El Tribunal sostiene que dictó varias resoluciones injustas, insostenibles jurídicamente, que no cumplían los mínimos parámetros de motivación.
Además de haber implantado una administración judicial en unos locales respecto a los cuales no pesaba denuncia por la comisión de hechos delictivos sino una mera controversia entre sus titulares, nombró un administrador judicial, “sin debate ni reflexión ninguna”, al que, por una providencia dictada seis días más tarde, asigna una retribución mensual de 18.000 euros.
Además, nombró para otro puesto de administrador a su propio novio, que “pasó a ser administrador único con una retribución mensual de dos mil quinientos euros”.
A pesar de que las decisiones judiciales que no sean de mero impulso procedimental (providencias) deben ser siempre motivadas, es más común de lo deseable el incumplimiento sistemático de esta obligación, olvidándose quienes así actúan de que los jueces deben mostrar ante los justiciables, y ante la sociedad en general, un sólido conocimiento del derecho y una actitud ética adecuada que evidencie que lo aplican correctamente.
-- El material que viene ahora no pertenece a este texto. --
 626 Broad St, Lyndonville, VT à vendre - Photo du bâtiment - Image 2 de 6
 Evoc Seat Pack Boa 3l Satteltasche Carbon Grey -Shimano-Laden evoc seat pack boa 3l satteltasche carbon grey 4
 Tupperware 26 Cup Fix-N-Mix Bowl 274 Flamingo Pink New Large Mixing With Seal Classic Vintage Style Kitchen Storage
El sistema actual no admite, al menos teóricamente, un modelo de juez (jueza) activista e incontrolado. La única manera de proporcionar al juez una legitimación democrática que por conducto representativo no posee, es garantizar una previsibilidad en la aplicación del derecho que permita la realización del principio fundamental de seguridad jurídica irrenunciable en cualquier Estado de Derecho.
Sigo el caso que nos ocupa desde hace algún tiempo, y no creo ofender a nadie si afirmo que la jueza y su novio estaban hechos el uno contra el otro, aunque ya escribía el poeta que “amar es hacerse vulnerable”.
Uno de los mayores problemas que puede sufrir un juez es que los sentimientos y/o la pasión le hagan perder el sentido común.
Parafraseando al actual Presidente del Tribunal Constitucional (y con las adaptaciones procedentes al caso), no hay nada más peligroso que poner a una jueza enamorada ante la tesitura de juzgar o favorecer a su amado, la idiotez que a todos nos atenaza en tal situación hace que mostremos una natural querencia hacia la imbecilidad.
A pesar de todo, esperemos que durante este largo retiro se cumpla en la jueza Cillán aquel viejo aforismo que proclama: “A veces hay que perder la cabeza para encontrar el corazón”.